草原を進んでいくうちに、早紀の隣に人影が浮かび上がった。長い髪に紺色のジャケット。奈々子だった。
『サキ。落ち着いて。気を静めなさい。じゃないと、私が乗っとるよ?』
奈々子が言った。早紀が怖い目で奈々子を見た。
「幽霊から見ても怒って見えてるってことだよね〜」
修平は軽く言った。早紀は無視して前に進み続けた。
ヨギナミの家へ続く道の真ん中で、早紀、修平、奈々子、そして、あとから出てきた新道先生の4人は、橋本が来るのを待った。
『先生』
奈々子が新道先生に言った。
『怖くないですか?』
『怖いですね』
新道先生が言った。
「怖い?何が?」
修平が尋ねた。
『現実を直視することですよ』
新道先生が真面目に言った。
『失敗を認めることです』
「失敗?」
「あ!来た!」
早紀が叫び、草原の向こうを指さした。
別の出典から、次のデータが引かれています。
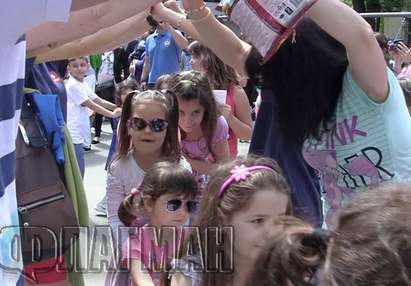МБАЛ „Дева Мария“ подари незабравим детски празник на стотици малчугани (ВИДЕО)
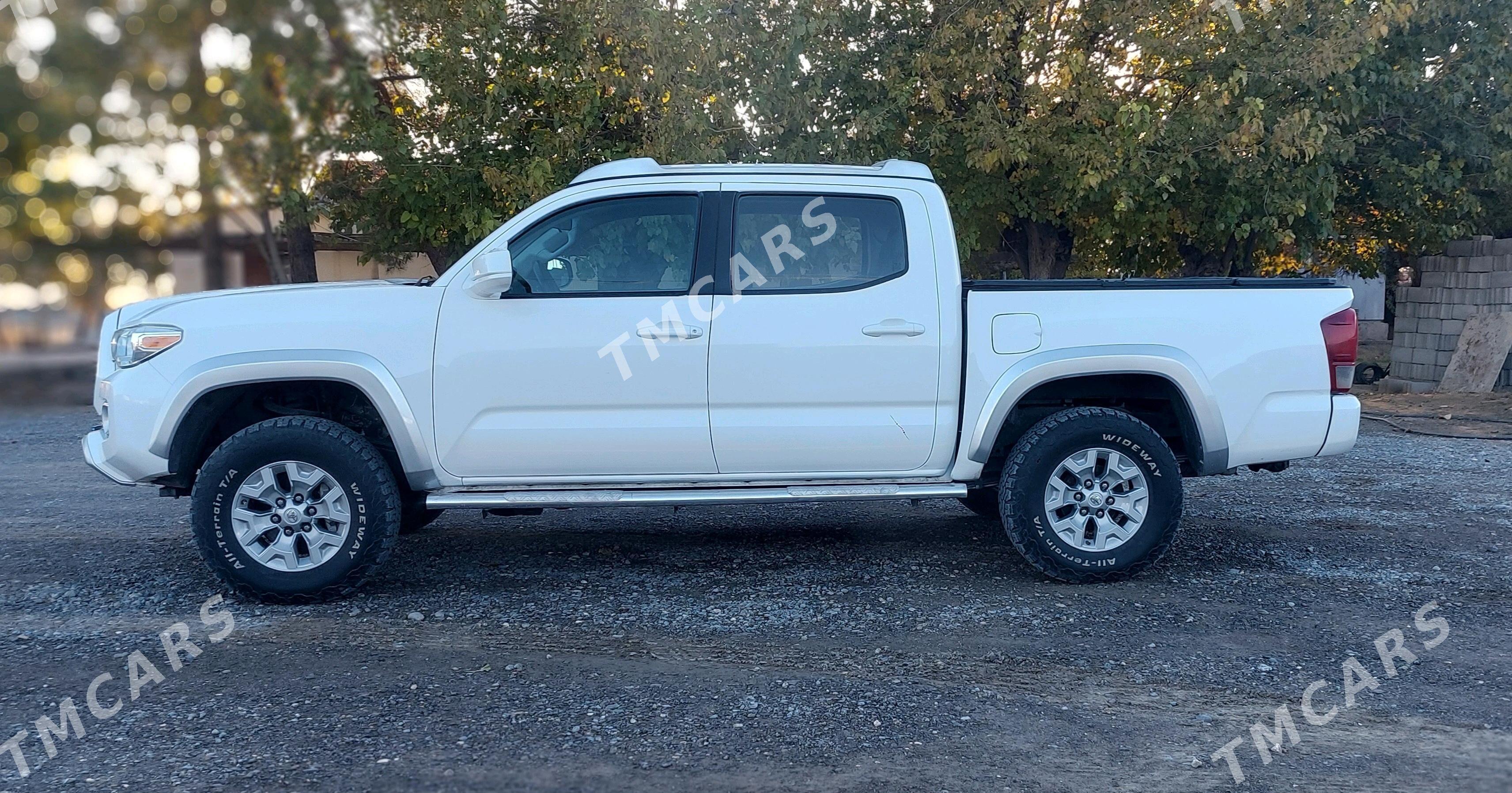 Toyota Tacoma 2018 - 425 000 TMT - Aşgabat - img 4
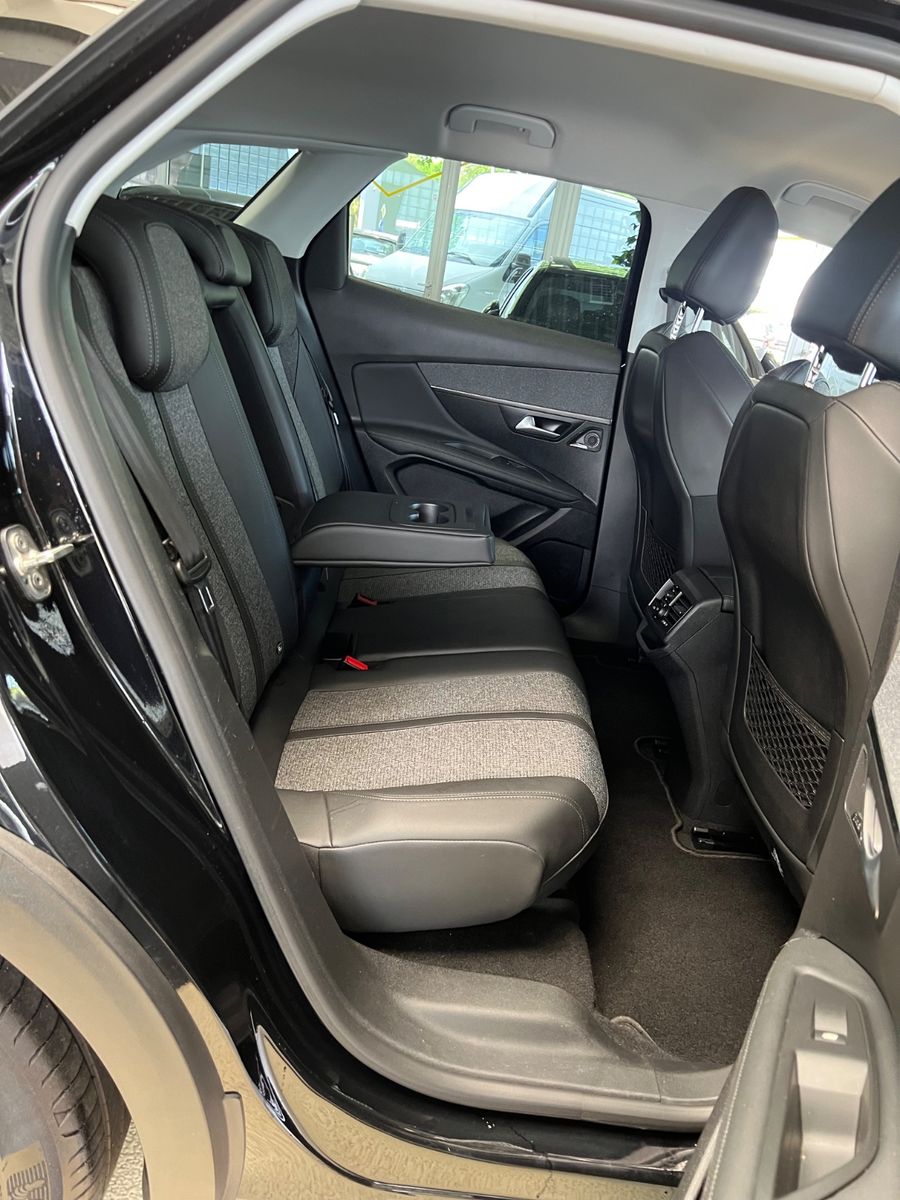 Fahrzeugabbildung Peugeot 3008 Allure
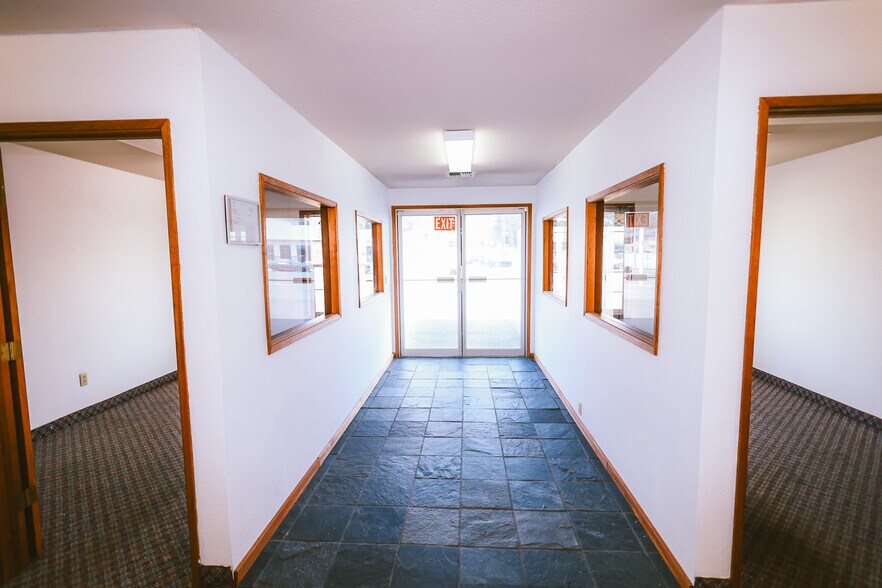 More Photos Of 1520 W Lewis St, Pasco General Retail For Sale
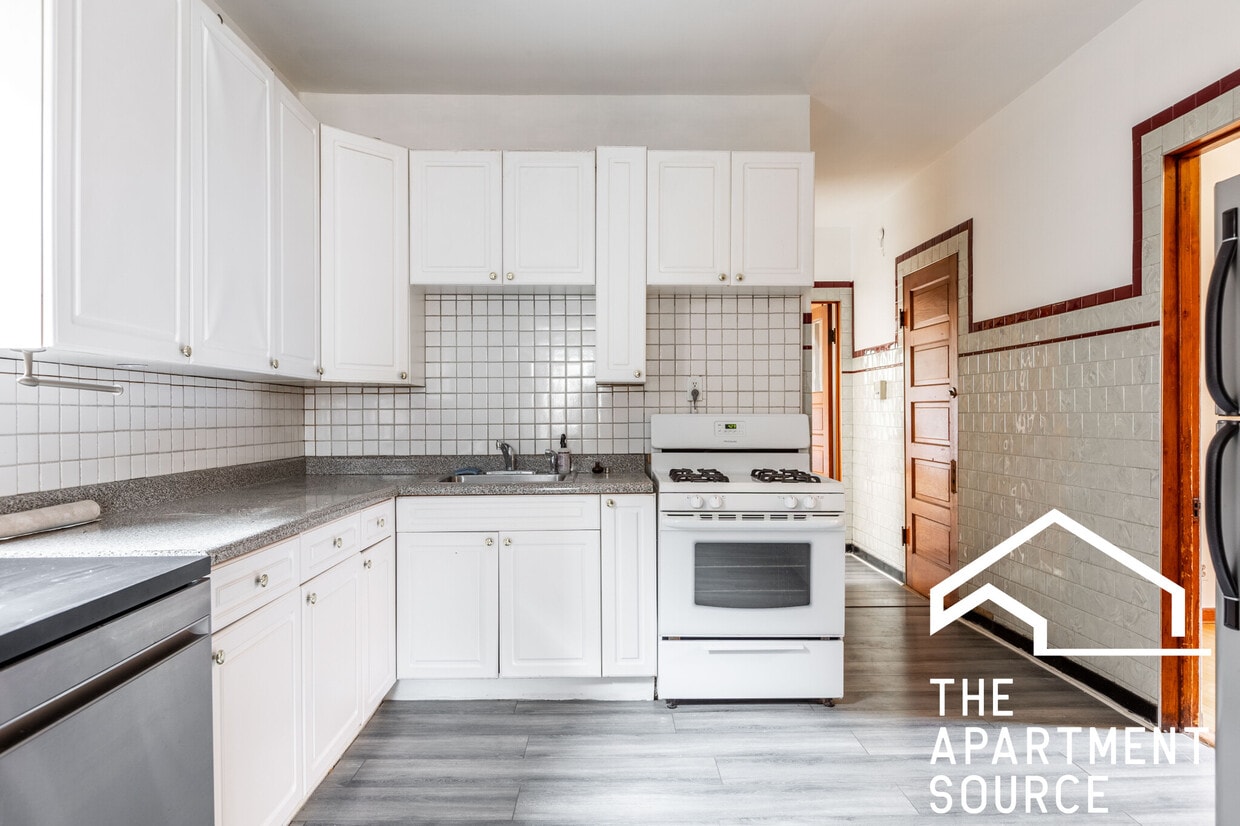 Foto principal - 2042 W Armitage Ave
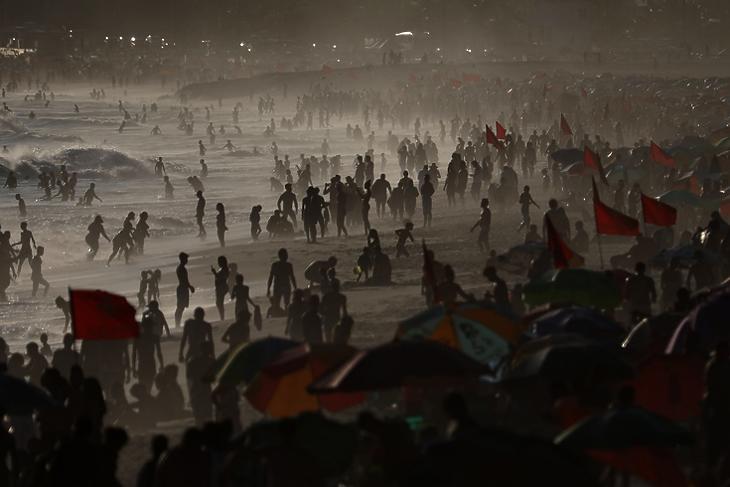 „Az embereknek elegük van” – ilyen belülről a világ egyik legfertőzöttebb országa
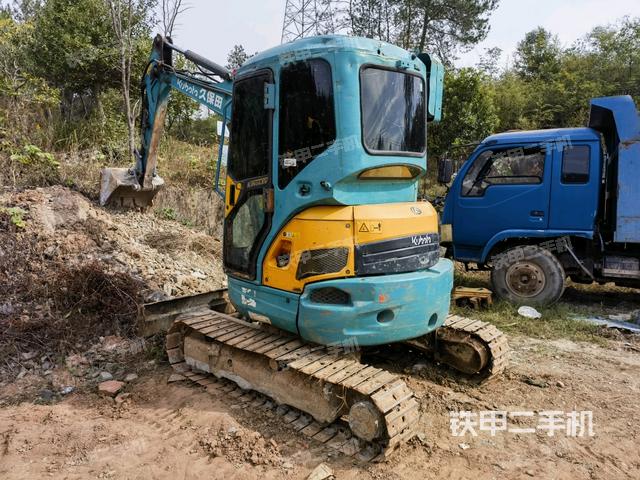 左后45（整機外觀）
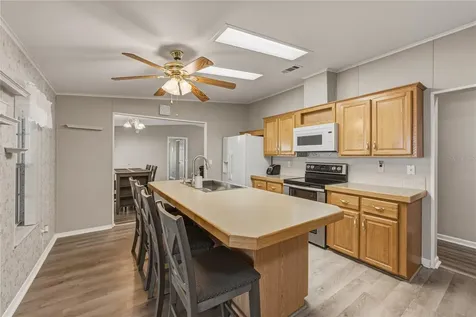 37410 Neukom Avenue Zephyrhills FL 33541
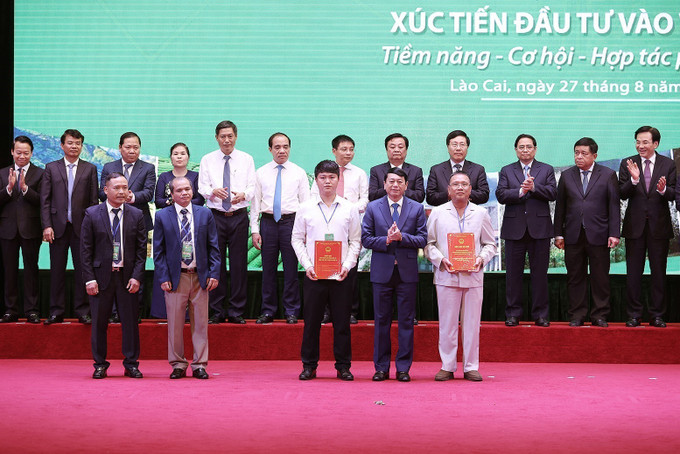 Thủ tướng Phạm Minh Chính và các đại biểu chứng kiến trao thoả thuận hợp tác đầu tư, bản ghi nhớ và chứng nhận đầu tư của các địa phương trong vùng. Ảnh: Dương Giang-TTXVN Thủ tướng Phạm Minh Chính: Thực hiện Nghị quyết 11-NQ/TW cần có cách tiếp cận tổng thể gắn với giải pháp cụ thể, linh hoạt, hiệu quả, sát thực tiễn ảnh 4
小さな人影がこちらに近づいて来ていた。久方の隣に、同じ動きで浮かび上がる赤い髪の男。
橋本は本当にやってきた。
「来ると思ったよ」
橋本が4人をざっと見て言った。
「聞きたいことがあるんです」
修平が言った。
「お前らの知りたいことは、俺は何も知らねえぞ」
橋本が言った。
「初島がどこにいるかは、俺も知らない。どうしてこんなことになってるか?それは俺達だって知りたいことだ。でもわからない。何も教えられることはない。帰ってくれや」
橋本はそう言って前に進もうとしたが、早紀に行く手をはばまれた。
「母が言ってました。あなたが落ちてきた時、上の階にショートカットの女がいたって。あなたは突き落とされたの?それとも自分で落ちたの?」
橋本はこの問いにひるんで、一歩後ろに下がった。
『それは、俺も知りたいと思っていた』
新道先生が低い声を発した。修平は驚いて先生を見た。いつも敬語でしゃべっている先生が、自分のことを『俺』と言うのを今初めて聞いたからだ。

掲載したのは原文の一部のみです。